Alright so it’s Aug 5th and things have developed into the most unpredictable turn of events.
huge drop in USDJPY, huge drop in the JP stock market, and moderate drop in the US stock market.
Losing a lot of net worth sucks a bit, but more important I am needing to take a hard look at my current investment strategy and needing to make some adjustments after some expensive lessons.
Investment Goals and Foundation
So I’ve actually had to ask myself a confusing question over this weekend – am I trying to maximize my wealth in terms of USD/HKD or in JPY?
And investment strategies can actually differ quite a bit depending on which.
For the past 3 years, my assets in HKD terms decreased by HK$300k (HKD2.3M -> HKD2M), but my assets in JPY terms actually increased by ¥7M yen (¥32M -> ¥39M).
So did my wealth shrink or expanded?
And if I had to choose – my HKD assets can stay constant while JPY rise, or HKD assets rise while JPY stay constant, which one will I choose?
I finally had the answer when looking at property prices in Tokyo.
The home I want to buy probably cost around ¥10M in 2020 – HK$7M back then.
Now it costs around ¥14M – but also around HK$7M (well 7.5M as of this moment after the crazzzzzy USDJPY slide)
So seems like the thing I’m most concerned about which is Japan home prices, tends to stay stable in terms of USD instead of JPY.
Meaning if USDJPY rise, home prices rise. USDJPY fall, home prices fall.
And in the long term, I think structually USDJPY will rise anyways, so my final answer is, choosing HKD as my base makes more sense.
So I’ve already lost in the past 4 years in that sense – having assets drop by 300k.
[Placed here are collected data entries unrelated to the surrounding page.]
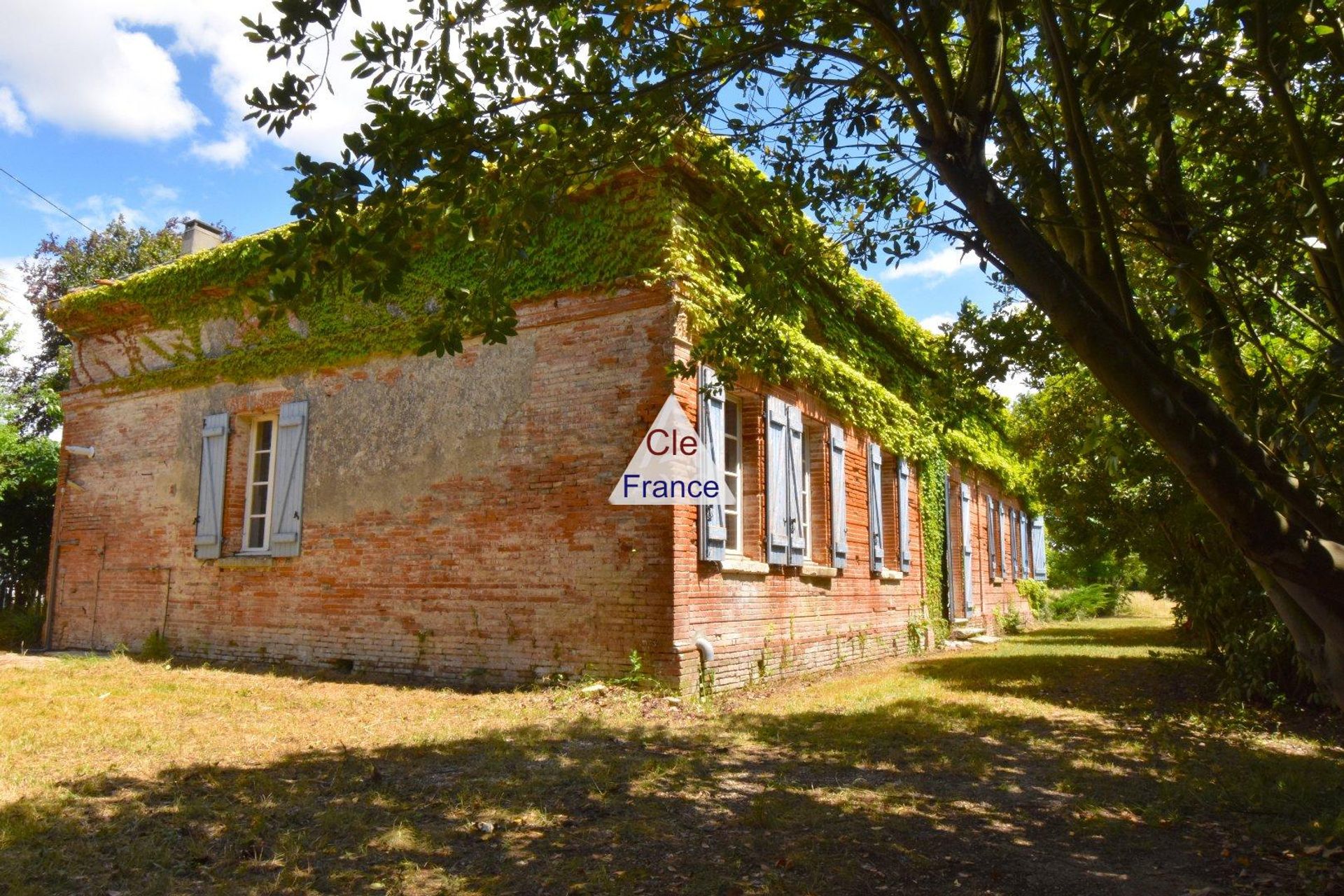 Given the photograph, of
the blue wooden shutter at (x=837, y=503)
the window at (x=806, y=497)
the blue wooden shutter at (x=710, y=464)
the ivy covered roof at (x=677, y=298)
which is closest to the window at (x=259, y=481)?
the ivy covered roof at (x=677, y=298)

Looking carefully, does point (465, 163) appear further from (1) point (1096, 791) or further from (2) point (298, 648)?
(2) point (298, 648)

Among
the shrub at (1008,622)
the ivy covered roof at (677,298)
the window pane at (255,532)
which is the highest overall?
the ivy covered roof at (677,298)

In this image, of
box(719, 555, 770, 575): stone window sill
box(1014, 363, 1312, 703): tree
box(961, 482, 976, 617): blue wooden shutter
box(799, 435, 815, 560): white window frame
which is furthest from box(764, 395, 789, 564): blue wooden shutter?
box(961, 482, 976, 617): blue wooden shutter

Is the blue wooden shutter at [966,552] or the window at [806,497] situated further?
the blue wooden shutter at [966,552]

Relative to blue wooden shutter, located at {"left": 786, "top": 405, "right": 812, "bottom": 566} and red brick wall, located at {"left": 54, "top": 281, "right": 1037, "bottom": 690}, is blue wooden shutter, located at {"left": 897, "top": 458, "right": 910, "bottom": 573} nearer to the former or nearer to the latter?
red brick wall, located at {"left": 54, "top": 281, "right": 1037, "bottom": 690}

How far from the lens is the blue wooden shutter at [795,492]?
381 inches

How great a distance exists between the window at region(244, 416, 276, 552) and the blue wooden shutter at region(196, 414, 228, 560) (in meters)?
0.29

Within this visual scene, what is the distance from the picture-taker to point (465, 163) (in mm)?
3803

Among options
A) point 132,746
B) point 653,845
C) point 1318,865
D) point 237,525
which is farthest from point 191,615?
point 1318,865

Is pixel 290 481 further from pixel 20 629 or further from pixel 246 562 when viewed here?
pixel 20 629

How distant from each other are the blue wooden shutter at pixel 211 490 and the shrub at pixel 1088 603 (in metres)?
20.8

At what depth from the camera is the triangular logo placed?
313 inches

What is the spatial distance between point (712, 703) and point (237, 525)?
21.7ft

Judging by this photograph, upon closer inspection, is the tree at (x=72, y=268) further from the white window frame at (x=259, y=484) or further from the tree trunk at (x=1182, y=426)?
the tree trunk at (x=1182, y=426) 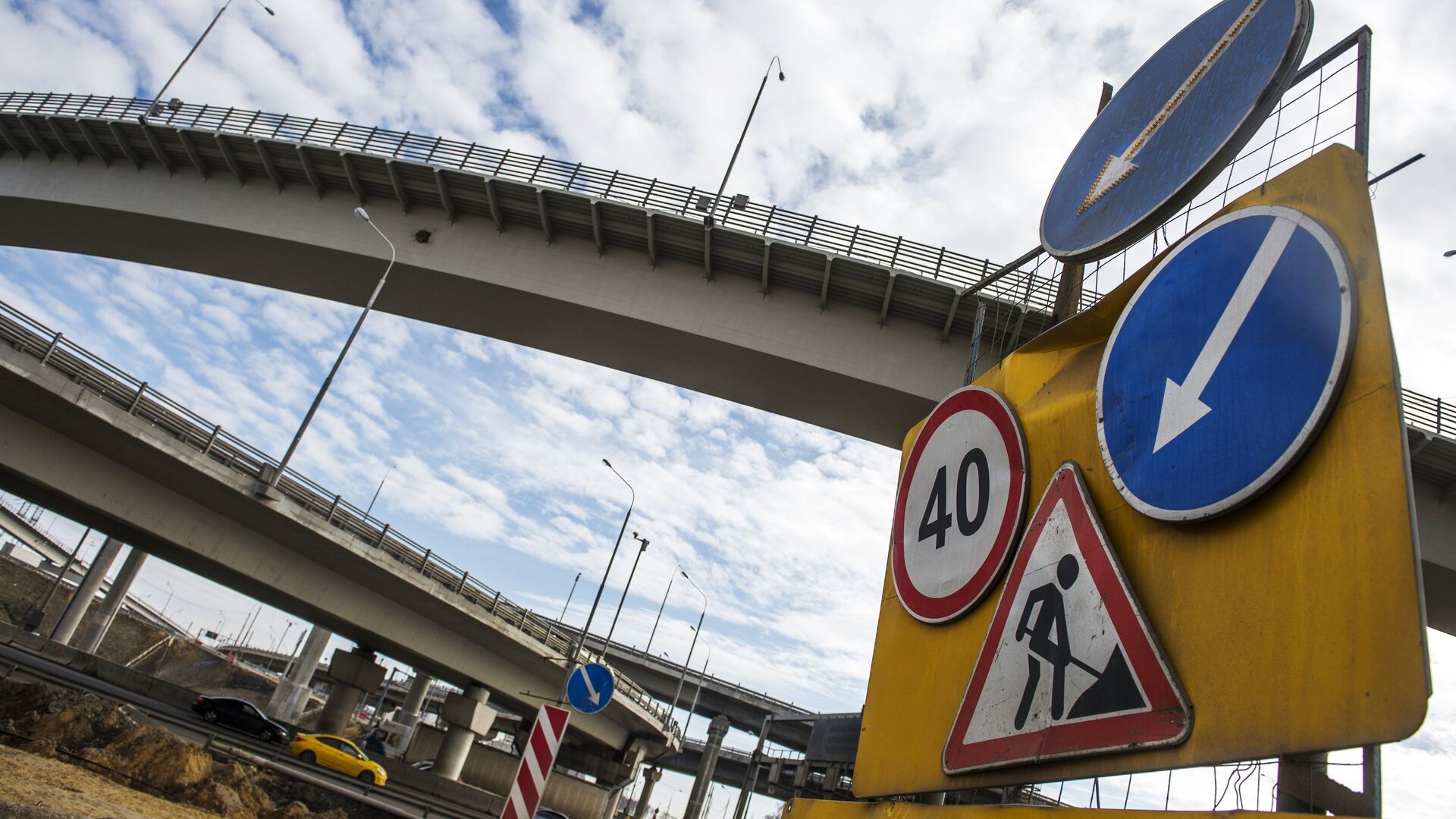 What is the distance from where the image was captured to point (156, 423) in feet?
62.1

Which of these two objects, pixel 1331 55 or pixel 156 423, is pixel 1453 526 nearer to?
pixel 1331 55

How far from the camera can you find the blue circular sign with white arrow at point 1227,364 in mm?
1818

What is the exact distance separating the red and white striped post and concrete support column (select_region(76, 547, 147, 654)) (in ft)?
174

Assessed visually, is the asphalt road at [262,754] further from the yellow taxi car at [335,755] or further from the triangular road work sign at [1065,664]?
the triangular road work sign at [1065,664]

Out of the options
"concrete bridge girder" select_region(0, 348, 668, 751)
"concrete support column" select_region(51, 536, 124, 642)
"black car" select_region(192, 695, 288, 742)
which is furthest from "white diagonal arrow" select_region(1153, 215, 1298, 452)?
"concrete support column" select_region(51, 536, 124, 642)

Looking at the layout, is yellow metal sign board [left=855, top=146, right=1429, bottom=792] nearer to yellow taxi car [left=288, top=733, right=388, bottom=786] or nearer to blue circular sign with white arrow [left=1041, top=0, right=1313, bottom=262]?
blue circular sign with white arrow [left=1041, top=0, right=1313, bottom=262]

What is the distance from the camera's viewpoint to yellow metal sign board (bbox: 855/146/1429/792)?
1501 mm

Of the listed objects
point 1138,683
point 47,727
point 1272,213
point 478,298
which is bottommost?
point 47,727

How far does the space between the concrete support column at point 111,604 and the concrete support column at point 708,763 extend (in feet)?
159

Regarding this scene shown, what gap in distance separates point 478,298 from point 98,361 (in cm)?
934

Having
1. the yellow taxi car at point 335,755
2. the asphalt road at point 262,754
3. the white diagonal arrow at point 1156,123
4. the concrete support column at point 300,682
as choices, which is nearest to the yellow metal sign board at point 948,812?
the white diagonal arrow at point 1156,123

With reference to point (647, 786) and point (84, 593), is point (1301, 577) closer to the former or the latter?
point (647, 786)

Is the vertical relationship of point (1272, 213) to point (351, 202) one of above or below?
below

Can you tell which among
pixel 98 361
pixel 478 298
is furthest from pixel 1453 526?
pixel 98 361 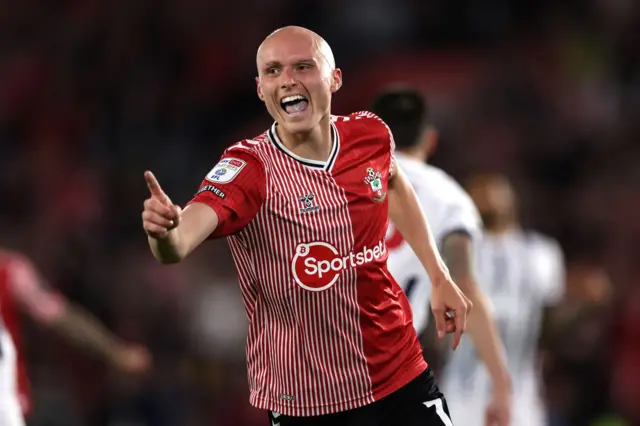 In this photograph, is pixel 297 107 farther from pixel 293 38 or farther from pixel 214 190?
pixel 214 190

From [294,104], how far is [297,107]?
0.05 ft

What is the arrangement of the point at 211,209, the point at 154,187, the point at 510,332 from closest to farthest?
the point at 154,187
the point at 211,209
the point at 510,332

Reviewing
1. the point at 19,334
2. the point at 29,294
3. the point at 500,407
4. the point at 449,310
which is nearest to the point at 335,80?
the point at 449,310

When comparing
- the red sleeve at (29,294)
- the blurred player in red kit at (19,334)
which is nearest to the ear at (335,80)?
the blurred player in red kit at (19,334)

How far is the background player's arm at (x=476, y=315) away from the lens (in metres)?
5.23

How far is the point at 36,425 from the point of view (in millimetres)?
9844

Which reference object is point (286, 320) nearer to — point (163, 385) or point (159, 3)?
point (163, 385)

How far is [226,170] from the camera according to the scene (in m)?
3.70

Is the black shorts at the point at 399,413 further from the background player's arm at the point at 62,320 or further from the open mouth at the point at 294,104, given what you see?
the background player's arm at the point at 62,320

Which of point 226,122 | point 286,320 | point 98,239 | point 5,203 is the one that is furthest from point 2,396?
point 226,122

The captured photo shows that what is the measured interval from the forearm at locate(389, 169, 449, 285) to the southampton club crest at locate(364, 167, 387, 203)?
27cm

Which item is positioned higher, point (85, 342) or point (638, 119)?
point (638, 119)

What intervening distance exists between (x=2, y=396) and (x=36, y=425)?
3.76 metres

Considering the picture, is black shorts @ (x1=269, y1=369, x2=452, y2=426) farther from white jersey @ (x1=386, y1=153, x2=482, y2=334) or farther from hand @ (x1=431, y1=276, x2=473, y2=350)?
white jersey @ (x1=386, y1=153, x2=482, y2=334) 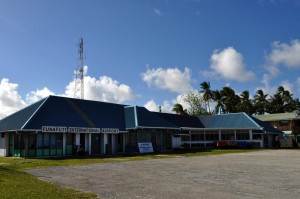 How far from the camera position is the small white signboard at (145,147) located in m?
37.8

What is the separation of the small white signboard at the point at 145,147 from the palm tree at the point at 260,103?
50.9 metres

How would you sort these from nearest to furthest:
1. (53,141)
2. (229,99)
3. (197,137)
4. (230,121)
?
(53,141) < (230,121) < (197,137) < (229,99)

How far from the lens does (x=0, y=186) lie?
12164mm

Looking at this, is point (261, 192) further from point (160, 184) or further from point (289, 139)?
point (289, 139)

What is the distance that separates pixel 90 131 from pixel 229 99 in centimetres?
5220

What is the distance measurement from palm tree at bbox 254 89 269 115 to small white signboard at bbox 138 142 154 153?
50.9 m

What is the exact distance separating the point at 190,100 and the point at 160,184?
235 feet

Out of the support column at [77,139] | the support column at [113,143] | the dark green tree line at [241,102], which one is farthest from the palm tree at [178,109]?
the support column at [77,139]

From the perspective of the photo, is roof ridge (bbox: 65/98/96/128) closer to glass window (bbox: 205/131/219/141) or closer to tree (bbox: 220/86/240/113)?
glass window (bbox: 205/131/219/141)

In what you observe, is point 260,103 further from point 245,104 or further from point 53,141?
point 53,141

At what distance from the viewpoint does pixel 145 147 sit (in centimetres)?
3838

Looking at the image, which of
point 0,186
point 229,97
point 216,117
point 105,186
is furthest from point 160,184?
point 229,97

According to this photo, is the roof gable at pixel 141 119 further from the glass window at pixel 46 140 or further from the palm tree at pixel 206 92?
the palm tree at pixel 206 92

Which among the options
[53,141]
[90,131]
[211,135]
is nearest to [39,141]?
[53,141] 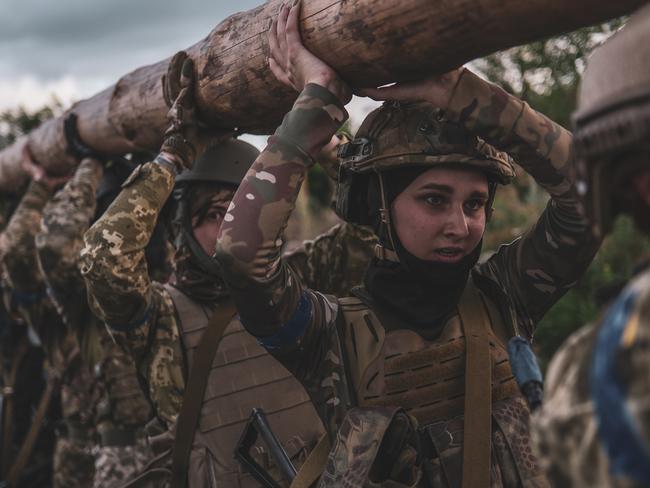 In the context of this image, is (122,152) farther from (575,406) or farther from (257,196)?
(575,406)

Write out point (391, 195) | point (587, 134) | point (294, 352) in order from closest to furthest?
1. point (587, 134)
2. point (294, 352)
3. point (391, 195)

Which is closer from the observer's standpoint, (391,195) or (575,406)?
(575,406)

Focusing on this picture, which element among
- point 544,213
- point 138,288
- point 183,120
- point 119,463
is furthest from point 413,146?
point 119,463

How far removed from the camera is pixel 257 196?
7.68 feet

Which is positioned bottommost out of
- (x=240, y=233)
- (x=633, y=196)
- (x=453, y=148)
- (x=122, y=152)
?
(x=633, y=196)

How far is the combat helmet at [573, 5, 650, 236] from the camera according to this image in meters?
1.24

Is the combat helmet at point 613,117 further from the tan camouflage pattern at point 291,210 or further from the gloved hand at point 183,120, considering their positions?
the gloved hand at point 183,120

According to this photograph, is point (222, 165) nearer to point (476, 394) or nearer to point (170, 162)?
point (170, 162)

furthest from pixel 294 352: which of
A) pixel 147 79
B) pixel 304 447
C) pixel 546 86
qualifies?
pixel 546 86

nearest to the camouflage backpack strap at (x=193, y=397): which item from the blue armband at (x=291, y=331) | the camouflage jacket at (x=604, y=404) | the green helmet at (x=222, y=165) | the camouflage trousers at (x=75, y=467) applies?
the green helmet at (x=222, y=165)

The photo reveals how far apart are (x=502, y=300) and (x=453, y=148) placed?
518 millimetres

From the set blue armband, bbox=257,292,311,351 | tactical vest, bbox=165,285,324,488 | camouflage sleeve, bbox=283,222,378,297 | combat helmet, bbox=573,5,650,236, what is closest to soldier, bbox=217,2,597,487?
blue armband, bbox=257,292,311,351

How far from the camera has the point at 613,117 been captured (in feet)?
4.16

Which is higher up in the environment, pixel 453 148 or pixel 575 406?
pixel 453 148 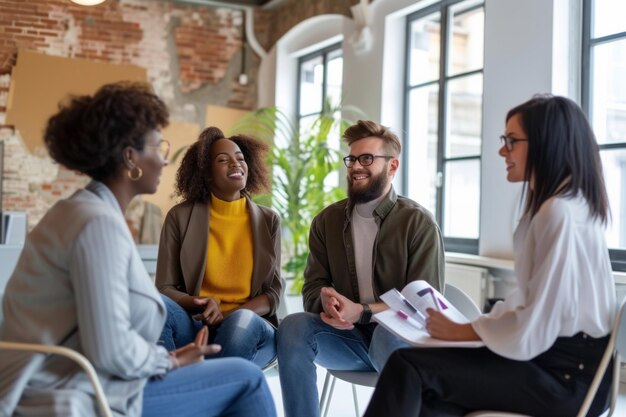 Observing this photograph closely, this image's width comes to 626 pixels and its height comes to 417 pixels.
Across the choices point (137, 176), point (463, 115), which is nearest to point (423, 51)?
point (463, 115)

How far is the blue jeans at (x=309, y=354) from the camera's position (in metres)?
2.68

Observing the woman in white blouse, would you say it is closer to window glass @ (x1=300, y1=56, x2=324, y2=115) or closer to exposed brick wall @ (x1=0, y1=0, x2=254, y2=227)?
window glass @ (x1=300, y1=56, x2=324, y2=115)

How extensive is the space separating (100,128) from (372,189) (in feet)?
4.61

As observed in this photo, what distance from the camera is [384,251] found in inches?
114

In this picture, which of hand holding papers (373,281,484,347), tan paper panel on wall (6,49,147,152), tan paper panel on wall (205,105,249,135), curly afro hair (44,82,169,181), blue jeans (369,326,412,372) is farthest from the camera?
tan paper panel on wall (205,105,249,135)

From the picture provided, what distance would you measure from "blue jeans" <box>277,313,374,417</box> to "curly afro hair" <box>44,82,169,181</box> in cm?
112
I want to make it up now by positioning myself in the place that will increase my HKD assets in the long term.
US Equity
With that said, US equity is the easiest to manage.
When US stocks drop, it’ll automatically take up a smaller portion of my portfolio which in turn reduce my risks.
I can even buy back a little bit with sideline cash so that when it goes back up I can eat up the extra shares.
Same thing on the way up – the portion increase naturally which in turns exposes me to too much risk and I’ll have to trim which becomes profit taking.
So I am not worried whether it goes up or down and I can profit either way as long as the long-term trend is up.
JP Equity
This is a bit more tricky. If the stock goes up but yen goes down, then it mitigates the gain in my HKD-based portfolio, and vice-versa.
So given that I have decided that I will be looking at my portfolio HKD based, I will consider the yen movement and the stocks as a pair and make adjustments accordingly.
If yen rises but stock plunges beyond that (which is what’s happening), then it’ll act as like US stock going down and it’ll automatically reduce the % portion and I can buy back.
So in that sense unfortunately if JP stocks gain a lot but USDJPY also rise substantially, in my perspective there isn’t going to be much of a gain.
Which is originally why I started the USDJPY trade to mitigate this, but turns out it might have been a bad risk-management tool in this case.
USDJPY
So I originally figured, if I already held say ¥8M yen of liquid assets, then I can just short ¥8M yen and reduce my yen exposure – which allows me to fully gain the increase in JP stocks without losing some back to USDJPY.
if USDJPY drop OK because i have assets in JP stocks and cash that can cover the shorts.
Or I can just think of myself borrowing yen and buying JP stocks.
Turns out that’s not a sound strategy, because in the long term that does work, but in the short term – as USDJPY drops, JP stocks also drop and drops even further than the yen shorts.
So I am taking a mild loss on the JP stocks already. And now the amount of yen I owe far exceed the JP stocks I have on hand, because the JP stocks decreased greatly in value.
And I’m left with short yen positions that I eventually have to cover, and the lower the USDJPY goes, the more USD I need to use to cover that short.
Which is opposite to how the US equity works – % of position getting smaller as the price fall.
USDJPY positions get larger as it falls since the yen I own is constant, the USD I lose just balloons as it goes down.
So the nice thing about the carry-trade is earning interest differentials – but at quite a high risk exposure. And the exposure increase, not decrease, as the price goes into the unfavorable side.
If I’m considering my portfolio in terms of YEN, then this trade makes sense as the YEN amount always stays constant, and whenever the dollar gets cheaper, the position gets smaller and I can just move in to buy more. And it yields interest differentials so it’s almost like bond that I can buy on margin – a very good trade.
This was where I got confused and kept looking at my HKD assets while thinking the USDJPY trade as if I’m wielding a YEN asset portfolio.
I think I’ll slowly unwind the entire position and stick with JP stocks for my hedge against USDJPY rise.
In fact I don’t really need any though because naturally JP stocks will rise as USDJPY rise.